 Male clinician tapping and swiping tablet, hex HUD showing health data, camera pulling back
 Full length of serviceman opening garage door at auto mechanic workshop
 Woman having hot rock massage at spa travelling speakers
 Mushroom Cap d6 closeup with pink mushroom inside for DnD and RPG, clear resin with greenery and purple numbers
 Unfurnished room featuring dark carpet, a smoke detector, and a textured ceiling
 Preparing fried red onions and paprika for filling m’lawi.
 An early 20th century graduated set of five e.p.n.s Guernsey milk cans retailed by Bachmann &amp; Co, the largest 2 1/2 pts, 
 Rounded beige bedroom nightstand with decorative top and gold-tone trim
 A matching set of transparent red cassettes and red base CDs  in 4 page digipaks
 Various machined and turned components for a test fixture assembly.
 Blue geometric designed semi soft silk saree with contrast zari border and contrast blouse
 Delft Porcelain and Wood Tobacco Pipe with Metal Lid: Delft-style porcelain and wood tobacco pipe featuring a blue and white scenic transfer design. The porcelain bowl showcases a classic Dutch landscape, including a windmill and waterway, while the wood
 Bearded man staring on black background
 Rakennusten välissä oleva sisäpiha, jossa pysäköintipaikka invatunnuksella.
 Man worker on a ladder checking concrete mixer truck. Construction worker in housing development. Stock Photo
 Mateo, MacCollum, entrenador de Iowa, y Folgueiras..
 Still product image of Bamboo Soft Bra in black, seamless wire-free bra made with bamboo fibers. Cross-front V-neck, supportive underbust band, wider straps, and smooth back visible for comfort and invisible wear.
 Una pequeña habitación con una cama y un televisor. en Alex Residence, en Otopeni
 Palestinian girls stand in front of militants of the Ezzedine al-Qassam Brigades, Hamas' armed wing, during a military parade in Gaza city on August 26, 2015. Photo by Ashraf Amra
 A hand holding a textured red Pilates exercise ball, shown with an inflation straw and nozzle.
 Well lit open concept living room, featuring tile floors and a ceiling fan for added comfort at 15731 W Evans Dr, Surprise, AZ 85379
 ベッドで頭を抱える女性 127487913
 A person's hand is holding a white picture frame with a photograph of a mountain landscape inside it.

◆ Task objective
From the opening line of the data above through the line holding "An early 20th", give every line again exactly as it stands.

◆ Expected answer
 Male clinician tapping and swiping tablet, hex HUD showing health data, camera pulling back
 Full length of serviceman opening garage door at auto mechanic workshop
 Woman having hot rock massage at spa travelling speakers
 Mushroom Cap d6 closeup with pink mushroom inside for DnD and RPG, clear resin with greenery and purple numbers
 Unfurnished room featuring dark carpet, a smoke detector, and a textured ceiling
 Preparing fried red onions and paprika for filling m’lawi.
 An early 20th century graduated set of five e.p.n.s Guernsey milk cans retailed by Bachmann &amp; Co, the largest 2 1/2 pts, 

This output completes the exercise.